Set up local caching docker registries (this speeds up Talos cluster boot a lot), script is in the Talos repo:

bash hack/start-registry-proxies.sh

Start your local cluster with:

sudo --preserve-env=HOME _out/talosctl-linux-amd64 cluster create \
    --provisioner=qemu \
    --cidr=172.20.0.0/24 \
    --registry-mirror docker.io=http://172.20.0.1:5000 \
    --registry-mirror registry.k8s.io=http://172.20.0.1:5001  \
    --registry-mirror gcr.io=http://172.20.0.1:5003 \
    --registry-mirror ghcr.io=http://172.20.0.1:5004 \
    --registry-mirror 127.0.0.1:5005=http://172.20.0.1:5005 \
    --install-image=127.0.0.1:5005/siderolabs/installer:<RECORDED HASH from the build step> \
    --controlplanes 3 \
    --workers 2 \
    --with-bootloader=false

--provisioner selects QEMU vs. default Docker
custom --cidr to make QEMU cluster use different network than default Docker setup (optional)
--registry-mirror uses the caching proxies set up above to speed up boot time a lot, last one adds your local registry (installer image was pushed to it)
--install-image is the image you built with make installer above
--controlplanes & --workers configure cluster size, choose to match your resources; 3 controlplanes give you HA control plane; 1 controlplane is enough, never do 2 controlplanes
--with-bootloader=false disables boot from disk (Talos will always boot from _out/vmlinuz-amd64 and _out/initramfs-amd64.xz).
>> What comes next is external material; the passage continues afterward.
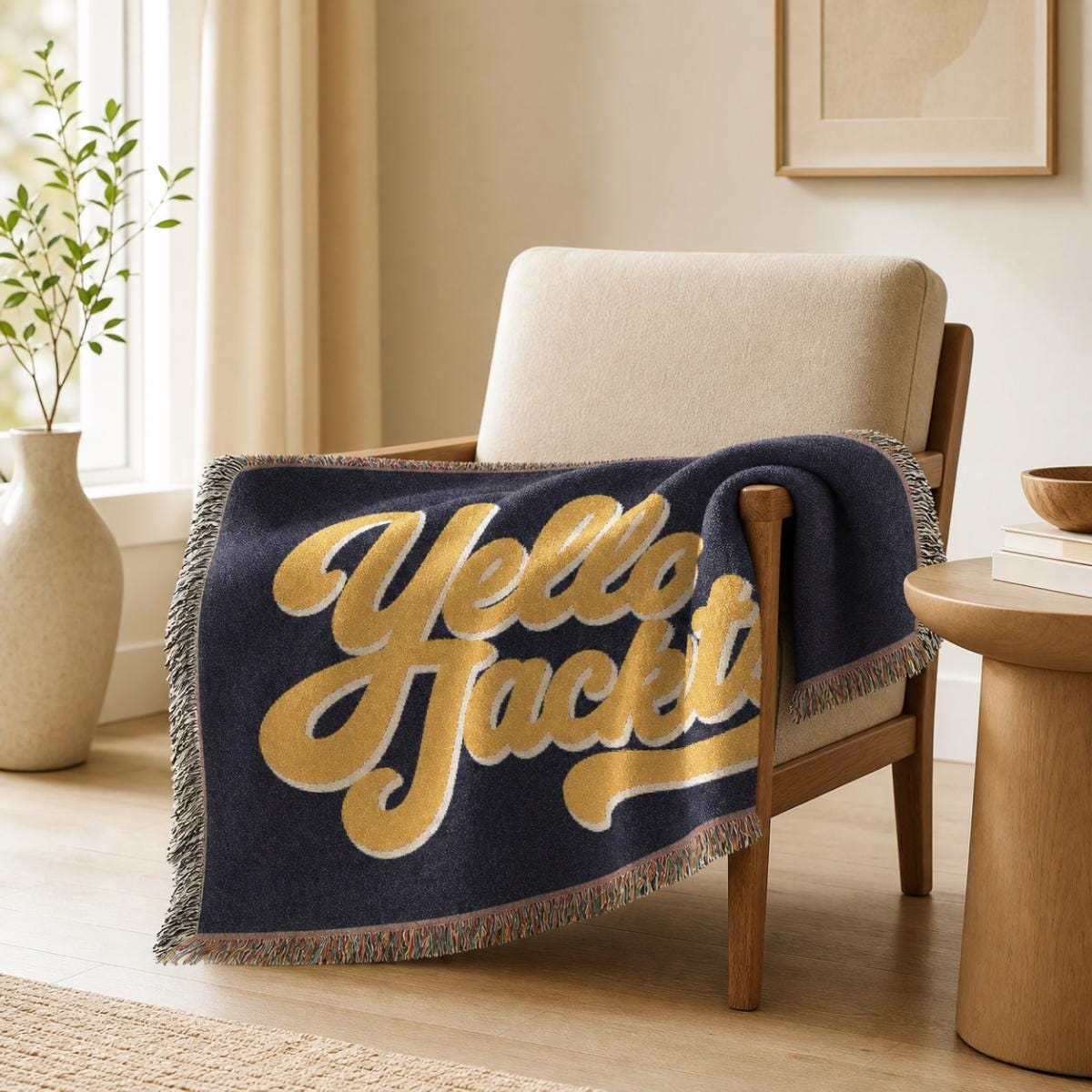 Yellow Jackets Script Logo Woven Blanket | Team Spirit Throw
This speeds up development cycle a lot - no need to rebuild installer and perform install, rebooting is enough to get new code.

Note: as boot loader is not used, it’s not necessary to rebuild installer each time (old image is fine), but sometimes it’s needed (when configuration changes are done and old installer doesn’t validate the config). talosctl cluster create derives Talos machine configuration version from the install image tag, so sometimes early in the development cycle (when new minor tag is not released yet), machine config version can be overridden with —talos-version=.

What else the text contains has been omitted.